Look around the picture and identify the different high-contrast edges, low-contrast edges, surfaces, and textures. Compare those areas with the ELA results. If there are significant differences, then it identifies suspicious areas that may have been digitally altered.
Resaving a JPEG removes high-frequencies and results in less differences between high-contrast edges, textures, and surfaces. A very low quality JPEG will appear very dark.
Scaling a picture smaller can boost high-contrast edges, making them brighter under ELA. Similarly, saving a JPEG with an Adobe product will automatically sharpen high-contrast edges and textures, making them appear much brighter than low-texture surfaces.
JPEG images use a lossy compression system. Each re-encoding (resave) of the image adds more quality loss to the image. Specifically, the JPEG algorithm operates on an 8x8 pixel grid. Each 8x8 square is compressed independently. If the image is completely unmodified, then all 8x8 squares should have similar error potentials. If the image is unmodified and resaved, then every square should degrade at approximately the same rate.
ELA saves the image at a specified JPEG quality level. This resave introduces a known amount of error across the entire image. The resaved image is then compared against the original image.
If an image is modified, then every 8x8 square that was touched by the modification should be at a higher error potential than the rest of the image. Modified areas will appear with a higher potential error level.
JPEG Encoding Blocks
JPEG stores colors using the YUV color space. 'Y' is the luminance, or gray-scale intensity of the image, 'U' and 'V' are the chrominance-blue and chrominance-red color portions. For displaying, the JPEG decoder converts the image from YUV to RGB.
JPEG always encodes luminance with an 8x8 grid. However, chrominance may be encoded using 8x8, 8x16, 16x8, or 16x16. The chrominance subsampling is a JPEG encoding option. Depending on the selected chrominance subsampling, each 8x8, 8x16, 16x8, 16x16 grid will be independently encoded.
The link has Image examples to learn from
With ELA, every grid that is not optimized for the quality level will show grid squares that change during a resave.
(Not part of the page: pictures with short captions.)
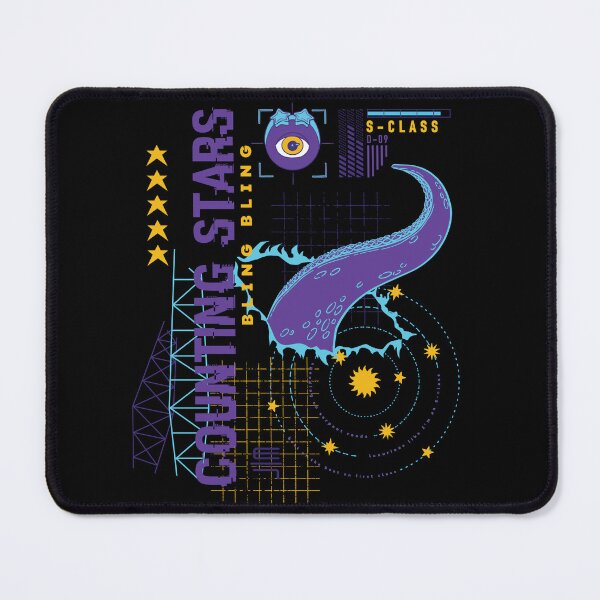 Item preview, SKZ - S Class Counting Stars designed and sold by GingerDesigner.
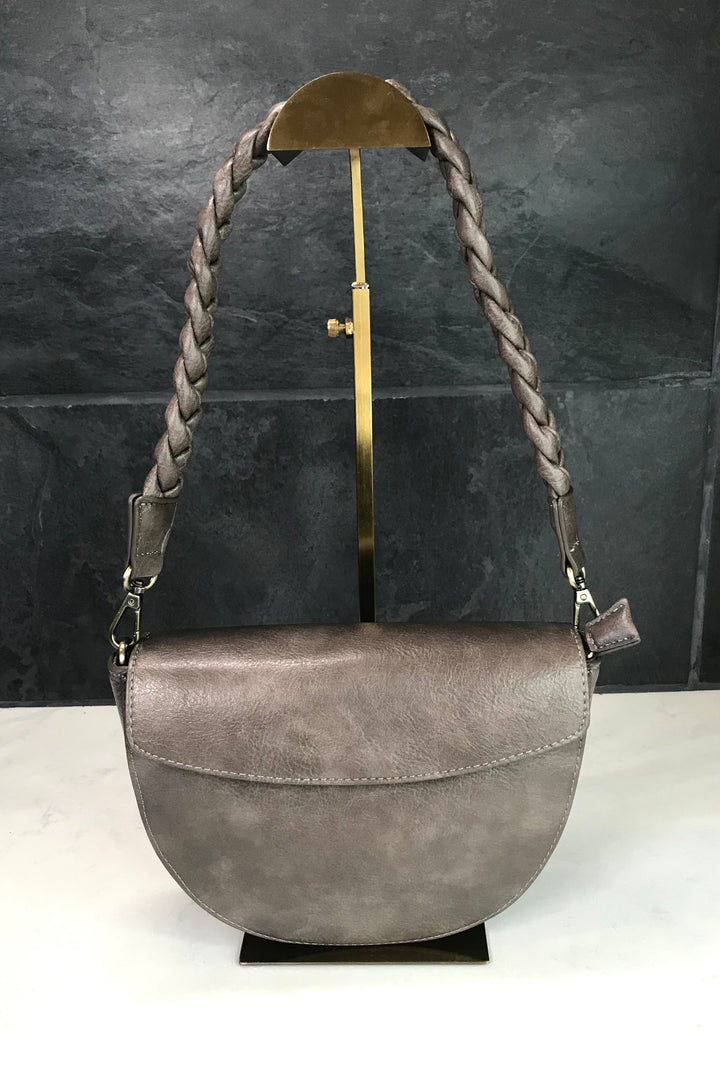 Linda Crescent Crossbody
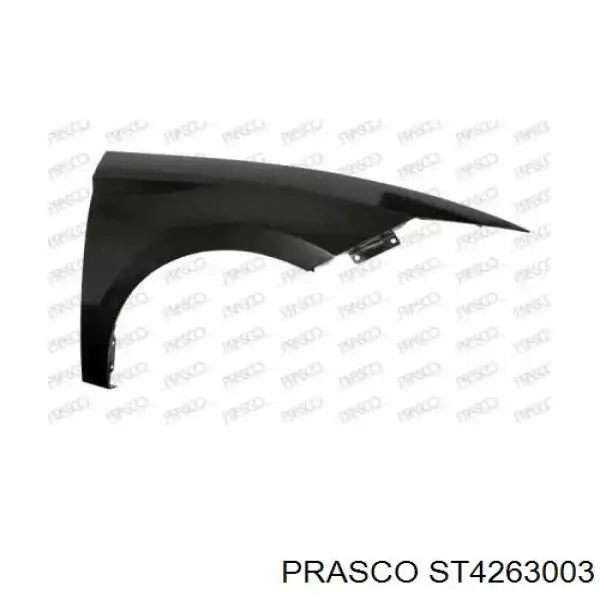 Guardabarros delanteros derecho VAG 5F0821022E precio, desde 197,47 EUR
For example, digital cameras do not optimize images for the specified camera quality level (high, medium, low, etc.). Original pictures from digital cameras should have a high degree of change during any resave (high ELA values). Each subsequent resave will lower the error level potential, yielding a darker ELA result. With enough resaves, the grid square will eventually reach its minimum error level, where it will not change anymore.